(Source records Opens)

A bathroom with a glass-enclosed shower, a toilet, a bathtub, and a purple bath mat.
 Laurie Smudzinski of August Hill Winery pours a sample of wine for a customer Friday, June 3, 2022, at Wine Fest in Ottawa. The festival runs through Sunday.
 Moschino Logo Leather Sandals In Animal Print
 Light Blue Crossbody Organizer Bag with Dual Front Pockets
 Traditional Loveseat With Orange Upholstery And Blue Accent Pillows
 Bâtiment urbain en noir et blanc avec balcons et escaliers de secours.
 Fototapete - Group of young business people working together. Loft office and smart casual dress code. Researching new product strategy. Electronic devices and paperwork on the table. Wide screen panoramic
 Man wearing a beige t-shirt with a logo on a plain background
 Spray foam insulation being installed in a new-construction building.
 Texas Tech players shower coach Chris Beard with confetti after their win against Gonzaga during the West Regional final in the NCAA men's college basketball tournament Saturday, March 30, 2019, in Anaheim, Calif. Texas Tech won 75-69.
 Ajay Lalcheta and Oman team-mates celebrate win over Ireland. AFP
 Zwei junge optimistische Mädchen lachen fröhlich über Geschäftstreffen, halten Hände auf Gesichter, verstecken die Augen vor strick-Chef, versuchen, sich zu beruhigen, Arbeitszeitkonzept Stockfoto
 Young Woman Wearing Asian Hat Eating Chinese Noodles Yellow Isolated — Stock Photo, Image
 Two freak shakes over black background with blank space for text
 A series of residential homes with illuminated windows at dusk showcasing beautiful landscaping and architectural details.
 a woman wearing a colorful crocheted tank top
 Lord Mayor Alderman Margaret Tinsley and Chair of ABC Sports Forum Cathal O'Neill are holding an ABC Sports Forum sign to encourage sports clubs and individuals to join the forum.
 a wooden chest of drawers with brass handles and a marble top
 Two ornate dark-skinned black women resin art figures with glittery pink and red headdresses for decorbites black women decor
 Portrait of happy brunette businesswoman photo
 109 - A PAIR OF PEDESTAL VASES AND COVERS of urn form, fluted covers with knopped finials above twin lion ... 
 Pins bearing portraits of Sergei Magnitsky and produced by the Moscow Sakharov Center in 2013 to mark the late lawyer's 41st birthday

(Source records Closes)

**Task prompt**
Using the records above, restate word for word the lines from the one with "Two ornate dark-skinned" through the one with "Portrait of happy", both included.

**Solution below**
 Two ornate dark-skinned black women resin art figures with glittery pink and red headdresses for decorbites black women decor
 Portrait of happy brunette businesswoman photo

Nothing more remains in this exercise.